A organização internacional Médicos Sem Fronteiras (MSF) protestou esta semana, em frente à Bolsa de Valores de Nova York, para pedir que a empresa farmacêutica Johnson & Johnson (J&J) disponibilize a bedaquilina, medicamento utilizado no tratamento da tuberculose (TB), ao valor de até US$ 1 por dia para todas as pessoas com a forma resistente da doença (TB-DR). A organização alerta que o preço da bedaquilina deve ser reduzido, considerando as contribuições conjuntas feitas na pesquisa e desenvolvimento da bedaquilina por parte dos contribuintes e da comunidade científica global de tuberculose, incluindo a própria organização Médicos Sem Fronteiras.

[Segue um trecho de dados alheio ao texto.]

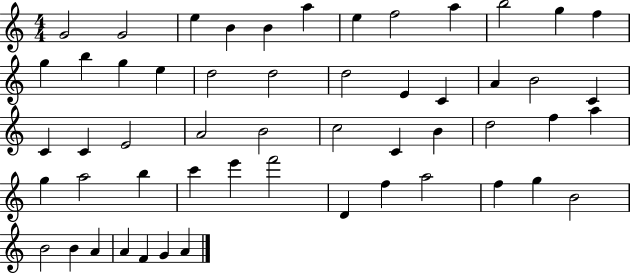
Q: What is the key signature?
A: C major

O protesto ocorreu no mesmo dia em que a companhia J&J divulgou o lucro obtido no quarto trimestre de 2019, com base em vendas de 20,7 bilhões de dólares (cerca de 86,7 bilhões de reais). As vendas totais da empresa em 2019 chegaram a 82,1 bilhões de dólares (cerca de 344 bilhões de reais).
“Após uma espera de quase meio século, finalmente temos um medicamento que oferece às pessoas com tuberculose resistente a medicamentos uma chance maior de serem curadas“, disse Sharonann Lynch, consultora sênior de políticas de HIV e TB da Campanha de Acesso de MSF. “No entanto, este medicamento permanece fora do alcance de mais de 80% das pessoas que precisam dele para permanecerem vivas. Dadas as vendas e o crescimento contínuo da J&J, é perverso que a empresa esteja impedindo pessoas de obterem a bedaquilina por causa de seu preço – sobretudo diante de um investimento público tão substancial no desenvolvimento do medicamento. As pessoas que precisam da bedaquilina não podem mais esperar.”
Em 2018, a Organização Mundial da Saúde (OMS) recomendou que a bedaquilina fosse usada como parte central de um regime totalmente oral para tratar a TB-DR, substituindo, assim, medicamentos mais antigos e mais tóxicos que precisavam ser injetados, causavam efeitos colaterais graves e curavam só pouco mais da metade das pessoas tratadas. Em outubro de 2019, MSF relatou resultados positivos no tratamento de 77,6% das pessoas que utilizaram os novos medicamentos orais para TB-DR, incluindo 72% que seguiram regimes contendo bedaquilina. O estudo, realizado em contextos onde MSF e seus parceiros atuam em 17 países, é maior já realizado até o momento sobre os resultados do tratamento com bedaquilina.
Apesar disso, poucas pessoas conseguem obter o medicamento. Desde que foi aprovada para uso, em 2012, pouco mais de 37 mil pessoas receberam a bedaquilina. O número é uma parcela pequena, considerando que cerca de 80% das 484 mil pessoas que desenvolvem TB-DR anualmente (segundo o Relatório Global de TB 2019) devem ser tratadas com o medicamento. A implementação de um tratamento melhor tolerado pelos pacientes, contendo bedaquilina, ocorrerá apenas se a J&J disponibilizar o medicamento amplamente e torná-lo acessível, permitindo, inclusive, que outros fabricantes de medicamentos para tuberculose produzam versões genéricas.
A bedaquilina foi desenvolvida com considerável apoio dos contribuintes sem fins lucrativos e filantrópicos. Grande parte do trabalho crítico para informar sobre o uso do medicamento e demonstrar seu valor terapêutico foi conduzida pela comunidade de pesquisa sobre TB, ministérios de Saúde de alguns países e prestadores de cuidados médicos, incluindo MSF. Os estudos foram financiados por contribuintes e outros doadores. Médicos Sem Fronteiras defende que a farmacêutica J&J não deveria, portanto, ser a única tomadora de decisão sobre quem tem acesso ao medicamento.
Atualmente, a companhia cobra o dobro do preço que MSF considera justo: o preço da bedaquilina é de US$ 400 dólares (cerca de R$ 1.980), em um curso de tratamento de seis meses, para países elegíveis para comprar o medicamento por meio da Global Drug Facility, uma organização administrada pela Stop TB Partnership que fornece medicamentos para TB a países de baixa e média renda. Em outros países, os valores do medicamento cobrados pela J&J são maiores. Além disso, algumas pessoas precisam de até 20 meses do medicamento, o que aumenta o preço da bedaquilina para U$ 1.200 dólares (cerca de R$ 5.040 ). No entanto, pesquisadores da Universidade de Liverpool calcularam que o medicamento poderia ser produzido e vendido por muito menos, mantendo ainda uma margem de lucro. Em um dos cenários, poderia custar US$ 0,25 centavos (cerca de R$ 1,5) por dia se pelo menos 108 mil tratamentos fossem vendidos por ano.